Understanding the Regulatory Framework Governing Private and Public Pensions
A common argument made to expand the Canada Pension Plan (CPP) is that it is cheap to administer. While many studies have cast doubt on this claim, why would a public pension plan be cheaper to administer than a private one? Many factors affect the cost of running a pension plan, but a crucial yet overlooked factor is the regulatory landscape that private pension plan.
This paper examines the regulatory requirements among various types of public and private pension plans to determine whether private pension plans are at a cost disadvantage with respect to public ones, with a specific focus on the CPP. In short, the paper finds that the CPP—due to its characteristics and legal obligations—enjoys a marked cost advantage over other pension plans.
First, consider the legal responsibilities of the various plan administrators. Broadly speaking, private pension plans are subject to a variety of statutory and common law regulations. These require the pension plan administrators to act as fiduciaries. While the administrators of the CPP are also under these requirements, as a practical matter, the CPP is seldom entangled in any lawsuits regarding the administration and management of its assets. On the other hand, private and some public pension plans (mostly provincial) are always under threat of litigation, whether by an individual pensioner or through a class action. Although public pension plans do face litigation rarely, and usually prevail in court, the CPP is almost never sued at all. There are almost no laws allowing for private enforcement of governance laws against the administrators of the CPP, so the CPP enjoys substantial cost savings from not having to anticipate or defend against any liabilities that may arise from bad governance, something private pension plans must account for.
Private pension plans are also subject to far more disclosure and customer-related regulations; the CPP faces no such requirements. For example, anti-money laundering laws—sometimes known as “Know Your Customer” laws— affect individual pension plans, such as RRSPs and TFSAs, and any other private pension plans that engage the use of a bank or brokerage services. While a public pension plan could be engaged by such laws, there does not seem to be any focus on such plans by enforcers of these laws. A search of the CPP Investment Board’s website showed no noticeable compliance with anti-money laundering laws.
Moreover, because the CPP is a federally constituted entity (legally speaking), it is not subject to any provincial regulations. Nor is it subject to the jurisdiction of any regulations by industry organizations. As a practical matter, the CPP and its administrators carry on their business without any real consciousness of legal or regulatory sanction. Private pension plans, as well as RRSPs and TFSAs, all have to pay filing and administrative fees. The CPP pays no such fees. Private plans, depending on the province, have to constantly file reports with their provincial pension superintendent. Again, the CPP does not.
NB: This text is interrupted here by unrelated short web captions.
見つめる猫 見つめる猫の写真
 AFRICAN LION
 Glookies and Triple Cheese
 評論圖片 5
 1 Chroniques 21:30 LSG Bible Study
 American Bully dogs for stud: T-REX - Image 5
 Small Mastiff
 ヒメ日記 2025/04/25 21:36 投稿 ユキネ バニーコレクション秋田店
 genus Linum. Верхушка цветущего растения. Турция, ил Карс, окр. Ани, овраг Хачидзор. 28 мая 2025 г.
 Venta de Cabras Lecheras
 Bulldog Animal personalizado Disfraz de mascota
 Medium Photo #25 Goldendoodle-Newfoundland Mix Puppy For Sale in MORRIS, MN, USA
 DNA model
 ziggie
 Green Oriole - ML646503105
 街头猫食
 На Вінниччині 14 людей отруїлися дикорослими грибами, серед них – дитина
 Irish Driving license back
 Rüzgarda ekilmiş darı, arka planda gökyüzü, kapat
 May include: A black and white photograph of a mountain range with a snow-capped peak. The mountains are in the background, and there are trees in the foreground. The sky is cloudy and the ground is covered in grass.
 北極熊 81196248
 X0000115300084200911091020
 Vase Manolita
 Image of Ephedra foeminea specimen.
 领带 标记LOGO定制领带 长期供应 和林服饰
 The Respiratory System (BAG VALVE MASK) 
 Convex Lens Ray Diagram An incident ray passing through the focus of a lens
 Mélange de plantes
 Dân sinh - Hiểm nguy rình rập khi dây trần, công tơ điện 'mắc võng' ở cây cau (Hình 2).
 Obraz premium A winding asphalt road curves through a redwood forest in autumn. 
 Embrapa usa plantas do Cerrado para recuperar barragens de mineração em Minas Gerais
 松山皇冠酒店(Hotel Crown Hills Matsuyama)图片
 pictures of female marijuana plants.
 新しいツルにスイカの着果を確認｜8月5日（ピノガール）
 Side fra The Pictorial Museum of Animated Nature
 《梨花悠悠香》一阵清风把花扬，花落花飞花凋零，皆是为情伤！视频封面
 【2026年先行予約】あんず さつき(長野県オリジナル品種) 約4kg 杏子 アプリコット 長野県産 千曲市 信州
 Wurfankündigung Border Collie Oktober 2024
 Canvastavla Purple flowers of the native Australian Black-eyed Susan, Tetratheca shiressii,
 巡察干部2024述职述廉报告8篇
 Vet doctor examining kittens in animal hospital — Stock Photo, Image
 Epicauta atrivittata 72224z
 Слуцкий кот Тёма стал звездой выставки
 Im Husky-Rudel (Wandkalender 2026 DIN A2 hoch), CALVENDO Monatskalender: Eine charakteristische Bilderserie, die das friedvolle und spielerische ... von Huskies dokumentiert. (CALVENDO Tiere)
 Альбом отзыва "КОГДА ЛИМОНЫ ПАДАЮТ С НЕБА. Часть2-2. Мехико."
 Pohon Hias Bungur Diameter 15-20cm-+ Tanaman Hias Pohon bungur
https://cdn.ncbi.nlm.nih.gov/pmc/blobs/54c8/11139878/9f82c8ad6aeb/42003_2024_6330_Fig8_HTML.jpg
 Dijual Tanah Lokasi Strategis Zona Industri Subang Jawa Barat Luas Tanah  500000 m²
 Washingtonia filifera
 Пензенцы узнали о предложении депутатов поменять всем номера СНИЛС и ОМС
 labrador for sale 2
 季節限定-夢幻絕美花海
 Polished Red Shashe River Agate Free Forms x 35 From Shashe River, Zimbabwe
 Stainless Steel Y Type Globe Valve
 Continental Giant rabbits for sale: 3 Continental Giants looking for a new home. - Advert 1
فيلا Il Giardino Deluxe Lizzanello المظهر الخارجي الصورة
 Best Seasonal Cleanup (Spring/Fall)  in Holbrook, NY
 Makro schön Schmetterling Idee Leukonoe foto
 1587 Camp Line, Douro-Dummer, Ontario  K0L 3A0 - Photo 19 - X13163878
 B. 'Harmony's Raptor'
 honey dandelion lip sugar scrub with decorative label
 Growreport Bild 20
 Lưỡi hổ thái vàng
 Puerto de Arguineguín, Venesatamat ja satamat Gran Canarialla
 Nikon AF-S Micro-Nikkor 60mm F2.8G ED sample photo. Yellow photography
Now consider differences concerning pension plan characteristics. Private and public pension plans have multiple characteristics and options for their members. For example, there are different rules governing contribution rates for each plan, and early withdrawal triggers various consequences depending on the specific pension plan. Payouts also vary depending on whether the member retires early or waits till 65. If a member leaves their employment early, they have several choices regarding whether to take the accumulated funds or not, known as the lock-in rules. Generally speaking, even if they cannot access the pension funds accumulated, they can still transfer the funds to another plan. These possibilities create more uncertainty for the pension plan administrator. It requires more planning and safeguards, and thus costs.
In contrast, the CPP has very simple rules. Every income earner between the age of 18 and 65 contributes to the CPP at one rate per income up to an annual maximum. There is a maximum payout at retirement with some limited flexibility on which age the pensioner chooses to receive their CPP. Other than these two basic variables, the CPP rules are quite rigid, thereby simplifying the administrative costs of running the plan. There is no ability to take the accumulated funds and transfer them to another pension plan. In contrast, RRSPs and TFSAs allow for individuals to withdraw their contributions at any time (although there may be consequences for doing so). All contributions are invested by the CPP administrator in whatever funds they choose, and, unlike an RRSP, TFSA, or even some defined contribution pension plans, individual CPP contributors have no flexibility to dictate where their funds are invested. Any actuarial surplus in the CPP fund, i.e., any excesses not needed to fund current payouts, remain with the CPP and must be invested by the CPP Investment Board.
Additionally, the number of CPP contributors is large and diverse, giving the CPP a diversified set of contributors and payees. A private pension plan may have a skewed demographic in terms of its employee age profiles, which can pose its own unique challenges which the CPP does not face.
Finally, contribution rates that employees and their employers pay are set by CPP administrators and enforced by the federal government without much choice or input from employees. Private and public pension payouts are usually set by a bargaining between employers and employees, whether it is done formally in a unionized setting or whether it is done informally in a competitive marketplace. This means there is no accountability to the employees or even employers for the management of the CPP funds.